Ik heb op school een potje gekregen met een hoeveelheid oxaalzuur en moet kijken hoeveel er in dat potje zit.
werkwijze
breng de hoeveelheid over in een bekerglas van 100mL en los op in ca. 40 mL water.

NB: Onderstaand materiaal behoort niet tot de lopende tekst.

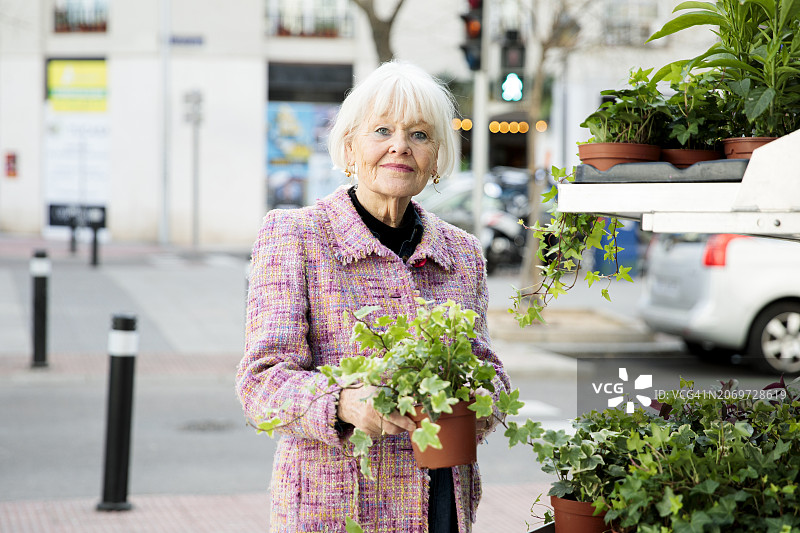 快乐的老年妇女在街边花店购买植物图片素材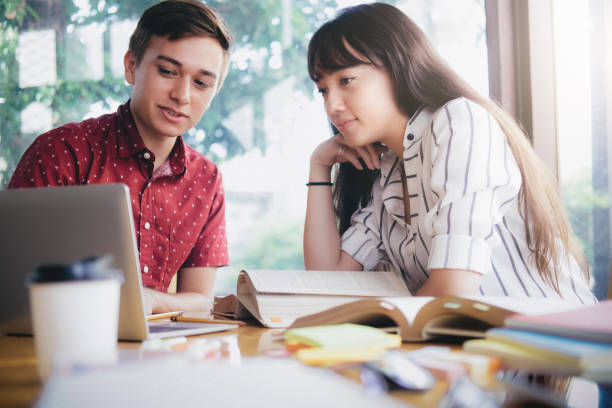 istock Young students campus helps friend catching up and learning 955768238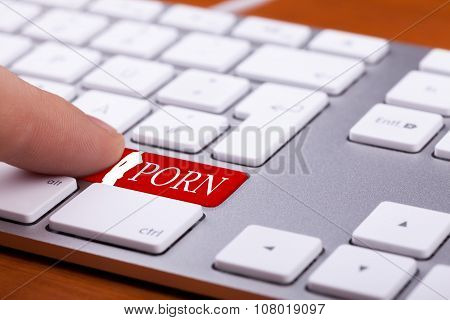 Finger Pressing On Red Button With Porn Word And Naked Woman Silhuette On It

Breng de oplossing over in een maatkolf van 100 mL vul aan en homogeniseer.
( de oplossing zit nu dus in 100mL)
pepiteer 25 mL van deze oplossing in een erlenmeyer van 250 mL, verdun tot ca. 100 mL en voeg 25 mL zwavelzuur toe. verwarm nu tot ca. 80 graden celcius.
na dit gedaan te hebben heb ik de oplossing getitreerd met kaliumpermagnaatopl.

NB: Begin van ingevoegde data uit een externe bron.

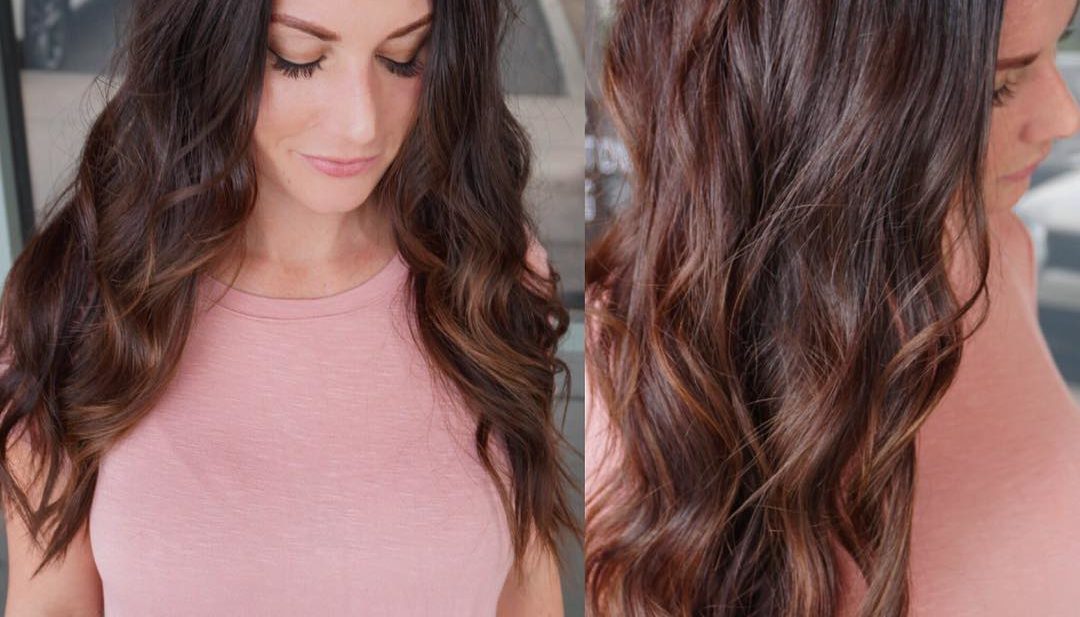 Long Brunette Wavy Layered Cut with Warm Toned Highlights Long Hairstyle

van de kaliumpermagnaatopl. heb ik 20,50 mL nodig gehad.
a) geef de vergelijking van de reactie die tijdens de titratie verloopt.
b) waarom moet de oplossing aangezuurd worden?

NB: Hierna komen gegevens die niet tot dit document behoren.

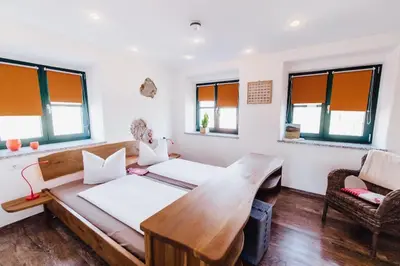 Ein Bett oder Betten in einem Zimmer der Unterkunft Müllner-Hof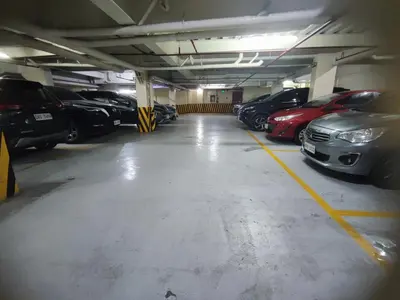 a parking garage filled with lots of parked cars at Cozy and Affordable Loft Condo in Manila Center in Manila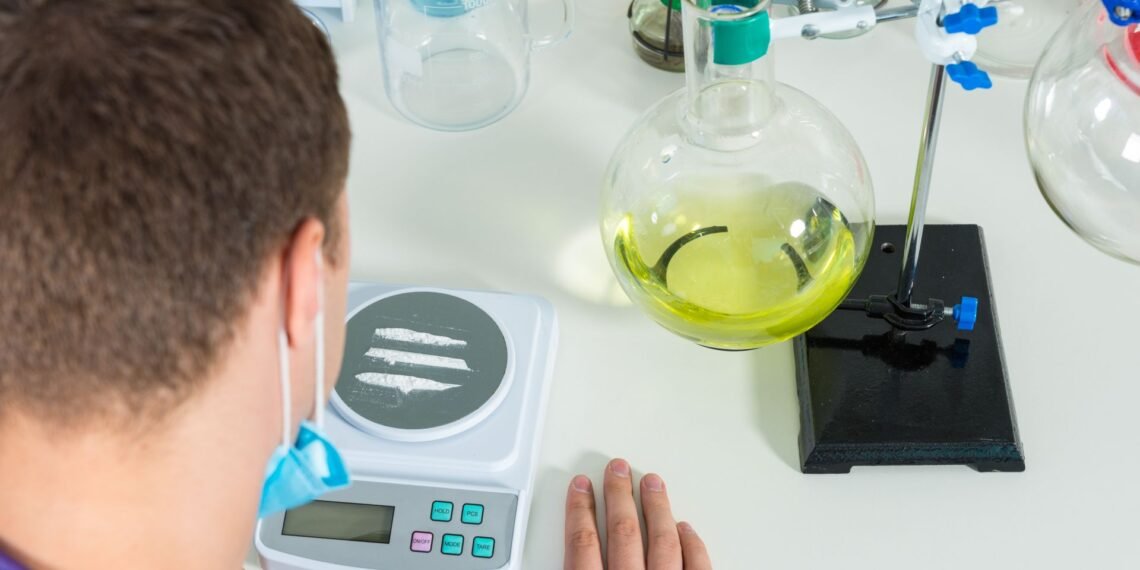 Analytical balance placed on an anti-vibration table in a controlled laboratory environment away from drafts and vibration sources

c)moet de hoeveelheid zwavelzuur nauwkeurig afgemeten worden?
d) moet er een indicator worden gebruikt?
e) welke kleuromslag neemt men waar?
f) waarom moet de oplossing tot 80 graden verhoogd worden?
g)waarom mag je aan het begin van de titratie niet te snel kaliumpermagnaat toevoegen?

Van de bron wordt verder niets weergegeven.